Graber was a key witness against Griffin. The law professor has since written an article for Lawfare detailing the history of insurrection, and there are fascinating references to a Supreme Court justice from Baltimore (Samuel Chase) and a Monkton slave holder (Edward Gorsuch) involved in the republic’s early dealings with the concept:

Because Article III defines treason in part as “levying War against [the United States],” courts had to interpret the key term “levying war.” In doing so, judges often relied on the term “insurrection.” In the Case of Fries (1800), auctioneer John Fries led an insurrection of western Pennsylvania farmers who opposed a federal excise tax. Fries and his allies were captured after they repeatedly threatened tax collectors and sometimes burned down their houses. Supreme Court Justice Samuel Chase, a native of Maryland who resided in Baltimore and presided over the Fries trial, charged the jury: “If a body of people conspire and meditate an insurrection to resist or oppose the execution of any statute of the United States by force” and “they proceed to carry such intention into execution by force, they are guilty of the treason of levying war.”

Gorsuch Tavern Marker

Gorsuch was a slave holder from Monkton in Baltimore County and he was a key figure in the what is known as the Christiana Riot of 1851. Gorsuch claimed four of his slaves had escaped and fled to Pennsylvania. A federal marshal led a raiding party to get them back. (The Gorsuch Tavern on York Road in Sparks, Maryland was the meeting place of the Baltimore Countians who went to Pennsylvania to reclaim Gorsuch’s slaves.) The raid took place on September 11, 1851, at the house in Christiana, Pa. of William Parker, himself an escaped slave. Resistance to the raid was successful, and Gorsuch was killed during the fighting. Federal officials sought to indict 41 Christiana residents for treason. That’s because the incident occurred after passage of the Fugitive Slave Act of 1850. There were severe penalties for assisting escaped slaves and the act required state officials, even in free states such as Pennsylvania, to assist in their capture. At the time, judges found that people “levied war” against the United States when they forcibly resisted the execution of federal law.

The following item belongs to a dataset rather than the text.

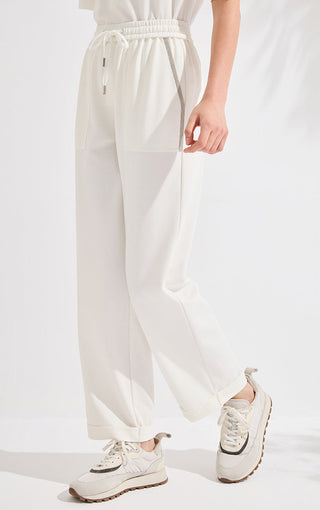 Ivory white wide-leg cotton-blend pants, drawstring waist and side pockets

This was all part of the evolution of insurrection as a thing – and it became a real thing, ratified shortly after the Civil War, as Section 3 of the Fourteenth Amendment.

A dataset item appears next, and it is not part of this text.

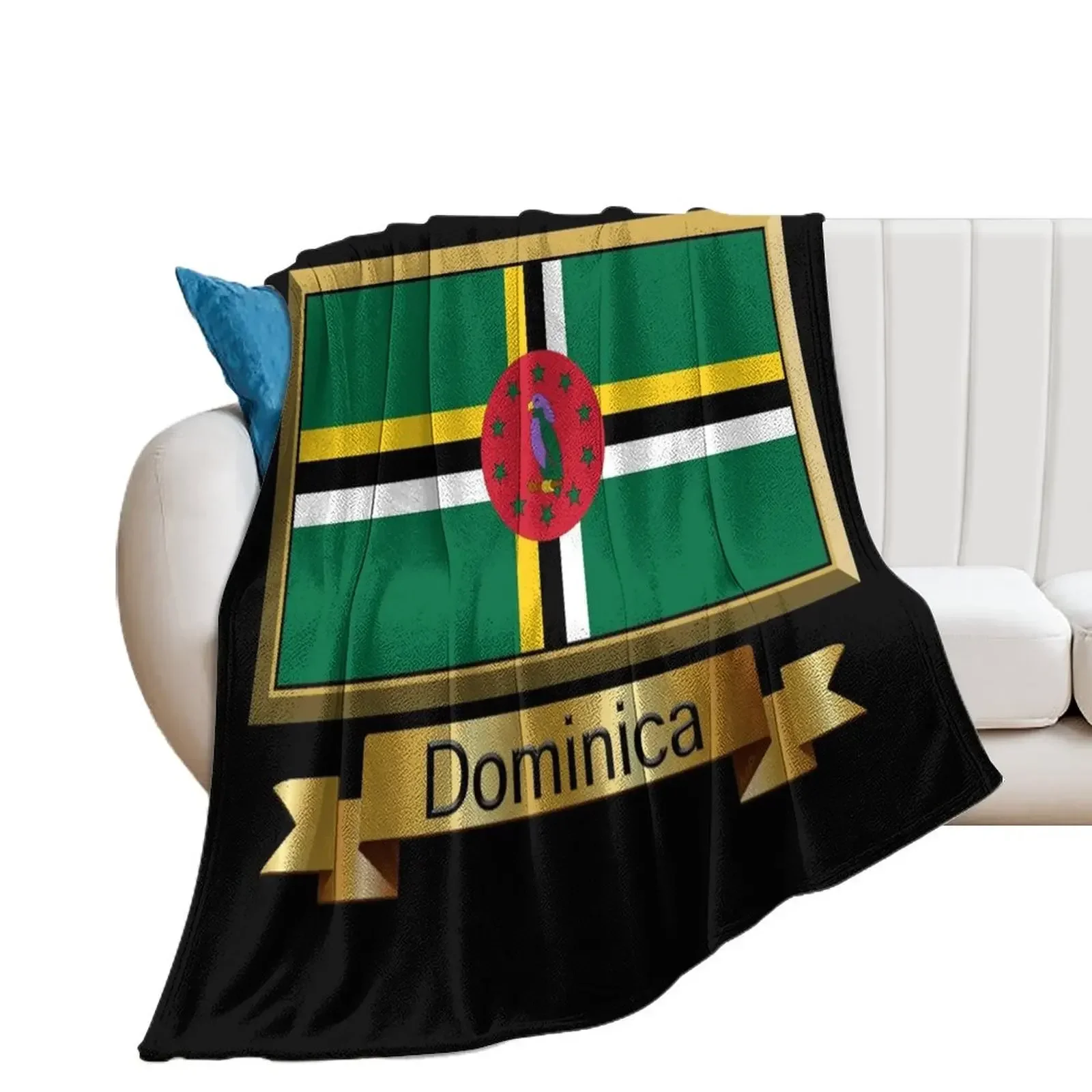 Dominica Flag Gifts, Stickers & Products - Named Throw Blanket Soft Beds Shaggy blankets ands Blankets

The attack on the Capitol on Jan. 6, 2021 was a full-fledged insurrection, and it’s reasonable to wonder if the founder of that horror will be disqualified from running for president again. Also, in Maryland, we have the Republican gubernatorial candidate Dan Cox, a state delegate who hired buses to take people to Washington for Trump’s “stop the steal” rally and who that afternoon tweeted that Vice President Mike Pence was a “traitor.” Disqualifying? 

Maybe. I think on Nov. 8, Maryland voters are going to disqualify Cox good and hard.

One thought on “A Baltimore justice and a Maryland enslaver played a part in the legal history of insurrection

  1. Great article as usual. Concerning Trump, he can be charged for dereliction of duty for not quelling the almost coup. Hoping the J6 (and DOJ) hones in on that. And am surprised D.C. government did not charge him with inciting a riot which is a law they have on their books.